It is ironic that just as we are approaching the 25th anniversary of the Piper Alpha disaster when 167 men lost their lives and many were seriously injured, the Government has made a change which will remove the right to claim compensation based on breach of, among others, the very health and safety regulations introduced following Lord Cullen’s report into Piper Alpha.
This effect is brought about by some rather technical looking amendments to Section 47 of the Health and Safety at Work, etc, Act 1974 (“the Act”) made by the Enterprise and Regulatory Reform Act 2013 which received Royal Assent on April 25. Section 47, as it presently stands, entitles claimants in personal injury cases to rely on breach of health and safety regulations in addition to, or instead of, claiming under the common law of negligence.
However, in implementing the recommendations of Professor Lofstedt’s report into health and safety, that section is to be amended so that there will no longer be a right to bring a personal injury claim for damages for breach of health and safety regulations.
As a result, the only right of action for claimants who have suffered personal injury will be under the common law of negligence, which requires them to prove a degree of fault on the part of the employer. However, criminal liability under the regulations will be unaffected.
Professor Lofstedt reported as part of the Government’s general attack on “red tape” launched in 2011, and made a number of recommendations for change as part of a campaign for better regulation, some of which the Government has implemented through the Enterprise and Regulatory Reform Act 2013.
Lofstedt was concerned to end what he perceived to be a “claim culture” where fear of being sued for personal injury was discouraging companies from developing their businesses and thereby increasing employment.
In his view, much of this stemmed from the “strict liability” nature of many health and safety regulations, whereby, as long as claimants could prove that an employer had breached a regulation, the claim would succeed (provided, of course, that they could prove that their injuries directly resulted from that breach.

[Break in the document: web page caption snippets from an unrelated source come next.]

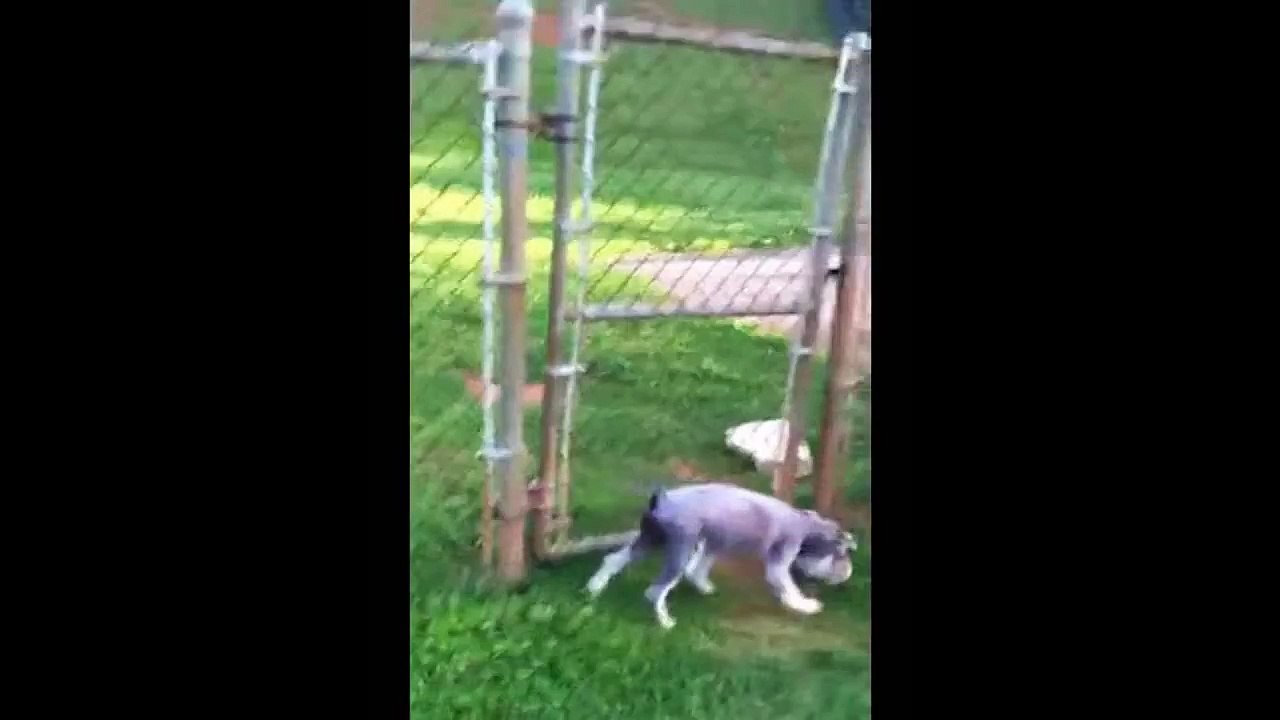 Extreme Dog Arthritis. Heartbreaking Video! Old Dog drags his back legs to walk. Watch the End!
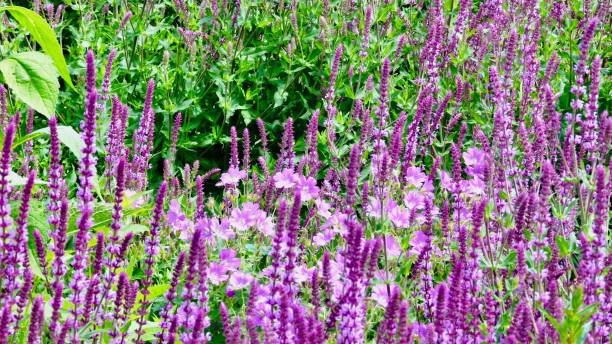 istock Flower bed with various herbaceous perennials 909149726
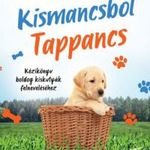 Kismancsból Tappancs fotó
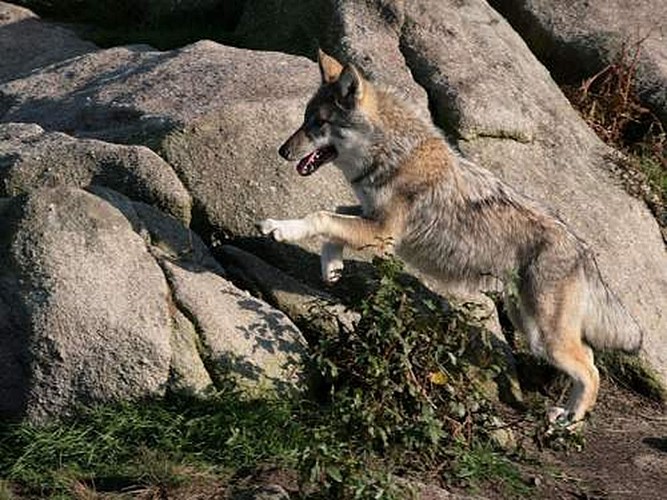 ECOMOBILITECreuse GueretBoucleLouploup-2 330 px-r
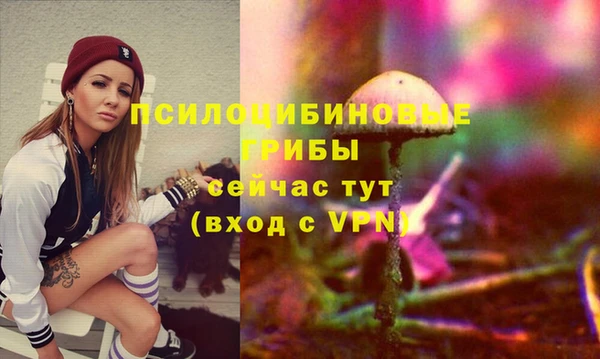 индика Майский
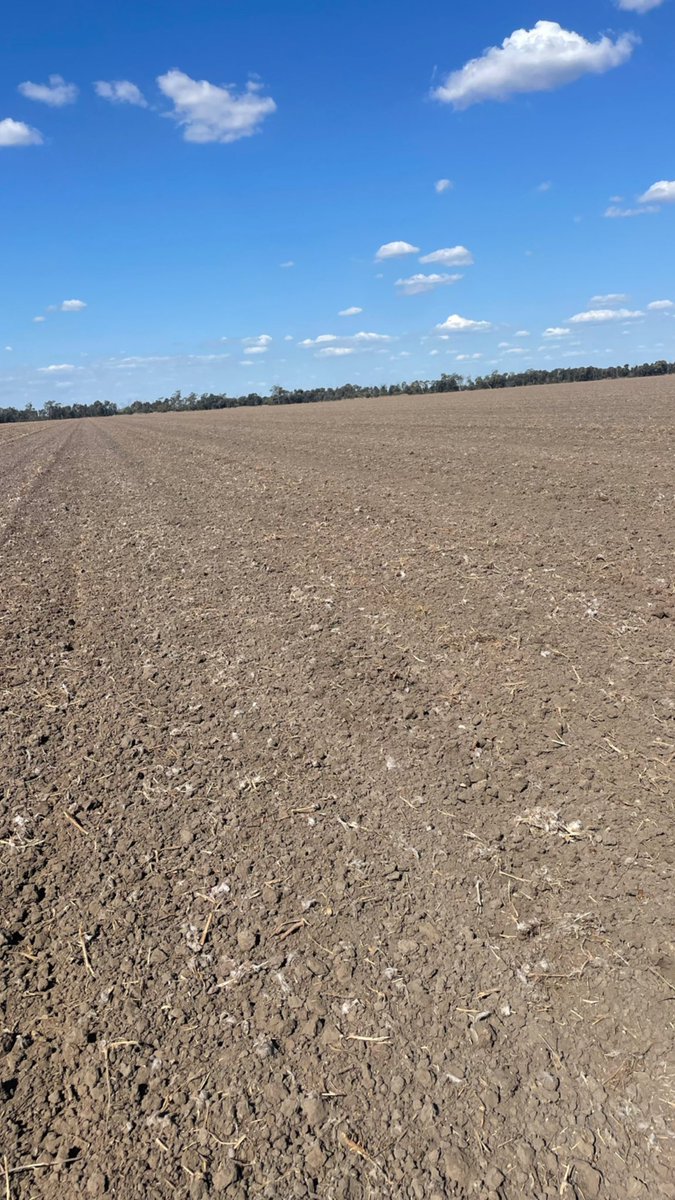 Corey Hart tweet media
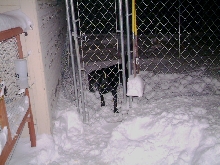 SNOW!!!!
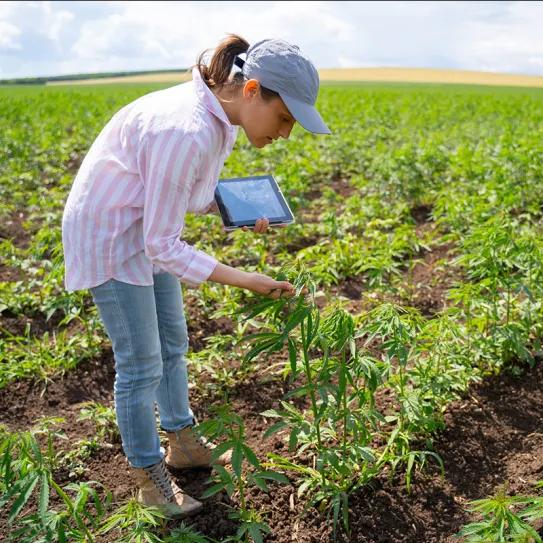¿La Generación Z está reinventando el cultivo de cannabis?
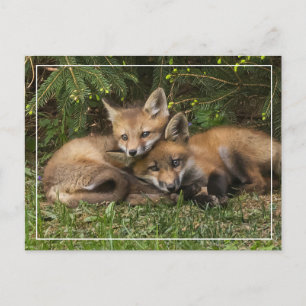Carte Postale Kits de Fox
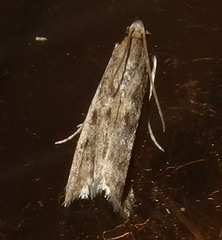 Phycitodes reliquellum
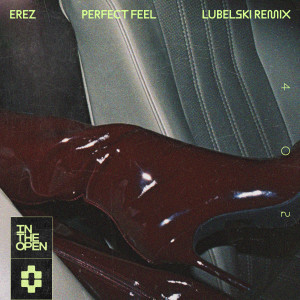 Album Perfect Feel (Lubelski Remix) from Erez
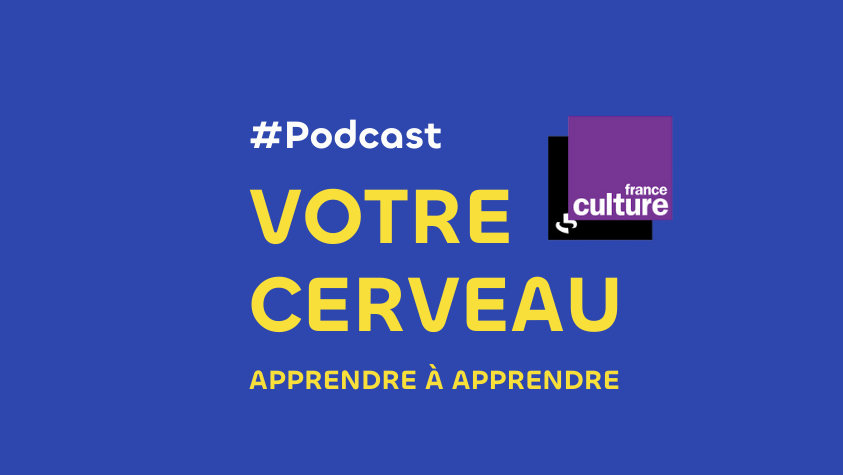 Learn how to learn with Grégoire Borst - podcast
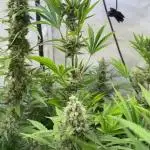 Fastbuds 2025/1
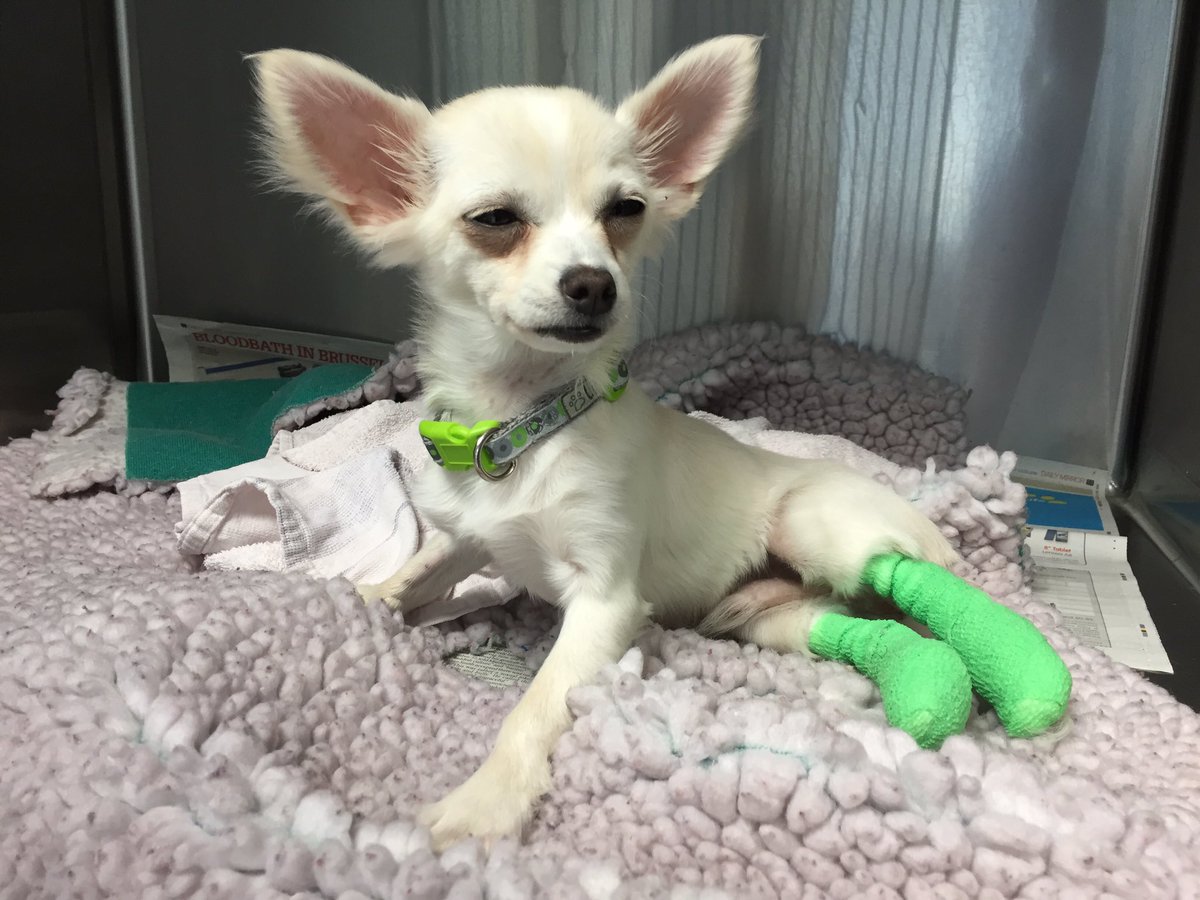 Don the chihuahua recovering manfully from his surgery this morning @BDCH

But not all health and safety regulations carry strict liability – many are qualified by words such as “so far as is reasonably practicable” or “could not reasonably have been prevented” so that in these cases an employer has the opportunity to defend his actions.
Lofstedt was not concerned about those regulations that gave the employer some defence – it was only strict liability that needed addressing.
However, the UK Government’s response seems to have been to take a sledgehammer to crack a nut – to remove civil liability from all health and safety regulations leaving claimants with only the option of suing in negligence (which requires the claimant to prove that the employer failed to take reasonable care).
This will in many cases put the burden on the employee to make the case rather than the employer to defend it.
Many in the House of Lords were initially against the proposal, with Lord MacKenzie of Luton for the Opposition stating that “promoting the changes … will also send the wrong message to those employers who would undervalue health and safety and cut corners, safe in the knowledge that their chances of being held to account are diminished. This is to the detriment not only of employees, but to those many employers who do the right thing.”
The reform will sweep aside aspects of personal injury law that have existed for over a century, leaving claimants with the greater burden of proving negligence, on the basis of “anecdote and perception”.
While some will welcome the changes, others may wonder why the Government chose to go so much further than Lofstedt’s proposals. The answer seems to be mere expediency.
There are over 200 sets of regulations dealing with health and safety and the Government appears to have concluded that addressing them on a case by case basis would take too long.
Already, the Government has identified one area, relating to pregnant workers, where an exception to this blanket approach will be needed to meet EU requirements.
In the face of this approach, one cannot help wondering how Westminster will deal with some of Lofstedt’s other recommendations, including his proposal to consolidate various industry specific health and safety regulations – such as those relating to offshore oil and gas – with a view to reducing the overall number of regulations.
After all the efforts following Piper Alpha and Lord Cullen’s influential report to develop a robust and effective offshore health and safety regime, a regime widely praised in the aftermath of the Macondo incident as a model to follow, are we at risk of undermining the legacy of those lost lives?
Penelope Warne is managing director and head of energy at international law firm CMS Cameron McKenna.